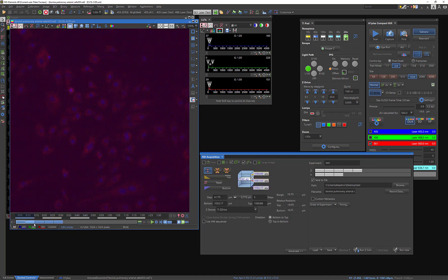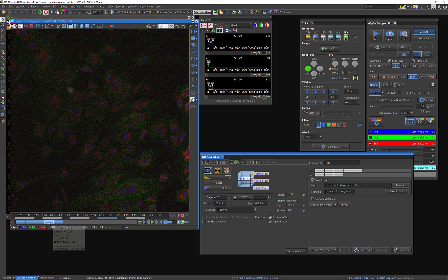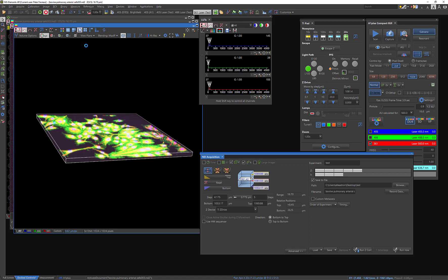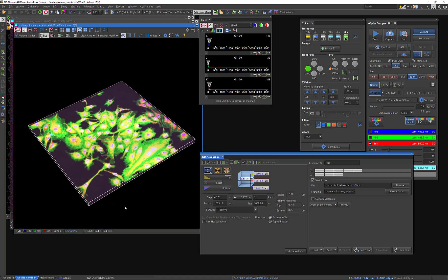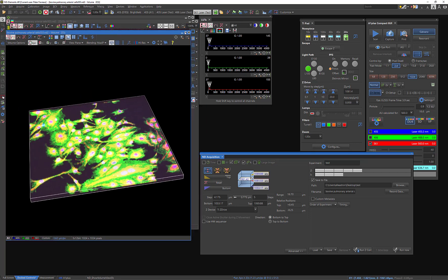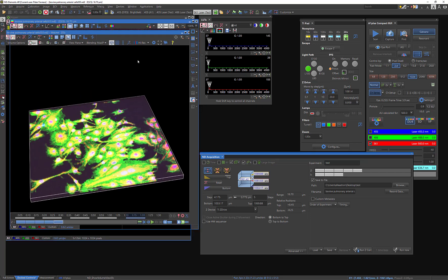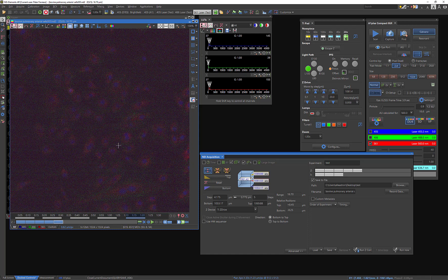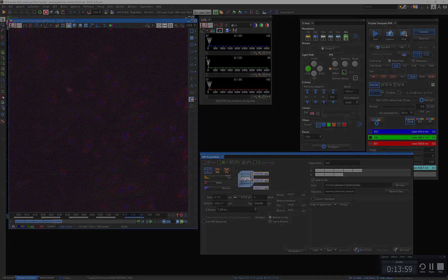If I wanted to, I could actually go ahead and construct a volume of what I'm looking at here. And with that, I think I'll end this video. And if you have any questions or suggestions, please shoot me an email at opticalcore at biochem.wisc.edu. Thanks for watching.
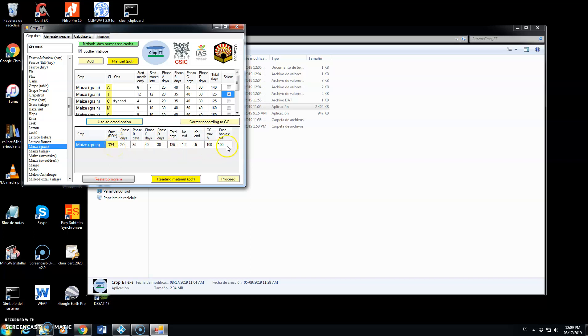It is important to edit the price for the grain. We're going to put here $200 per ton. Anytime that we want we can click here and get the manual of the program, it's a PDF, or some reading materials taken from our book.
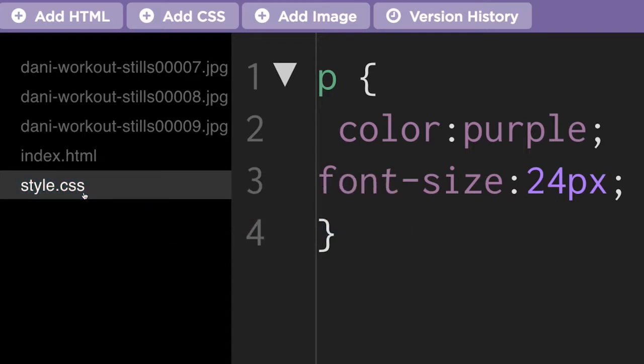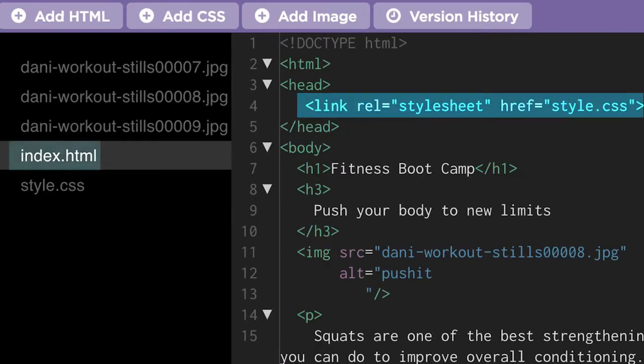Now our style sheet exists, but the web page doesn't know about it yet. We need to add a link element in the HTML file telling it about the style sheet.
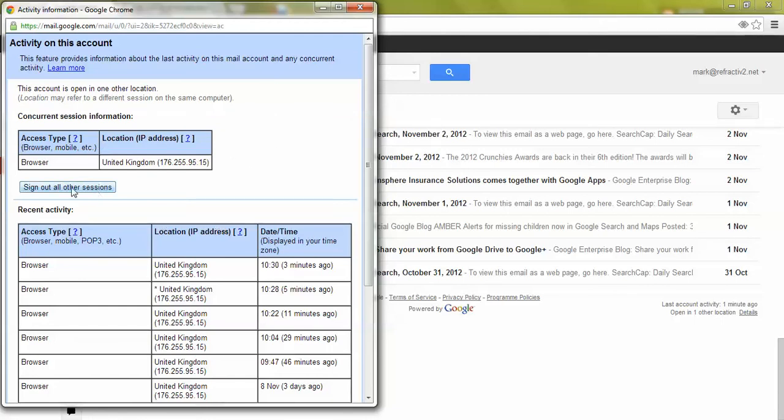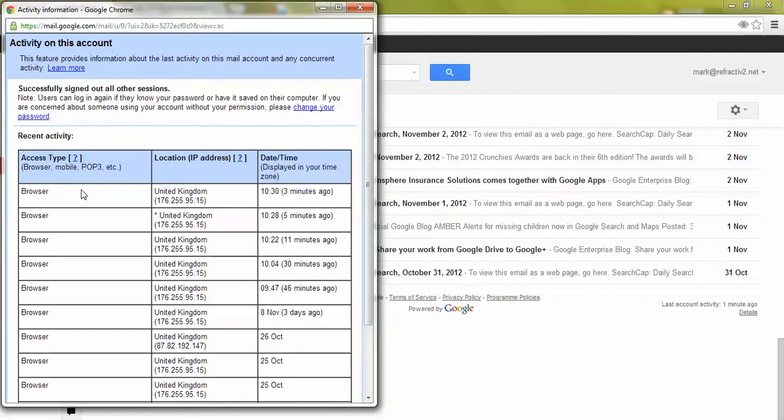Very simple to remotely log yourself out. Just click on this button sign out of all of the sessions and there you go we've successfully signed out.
===============
Without including any pictures, reproduce the listing exactly.

▶ Response for this exercise
If I wanted to, I could actually go ahead and construct a volume of what I'm looking at here. And with that, I think I'll end this video. And if you have any questions or suggestions, please shoot me an email at opticalcore at biochem.wisc.edu. Thanks for watching.
It is important to edit the price for the grain. We're going to put here $200 per ton. Anytime that we want we can click here and get the manual of the program, it's a PDF, or some reading materials taken from our book.
Now our style sheet exists, but the web page doesn't know about it yet. We need to add a link element in the HTML file telling it about the style sheet.
Very simple to remotely log yourself out. Just click on this button sign out of all of the sessions and there you go we've successfully signed out.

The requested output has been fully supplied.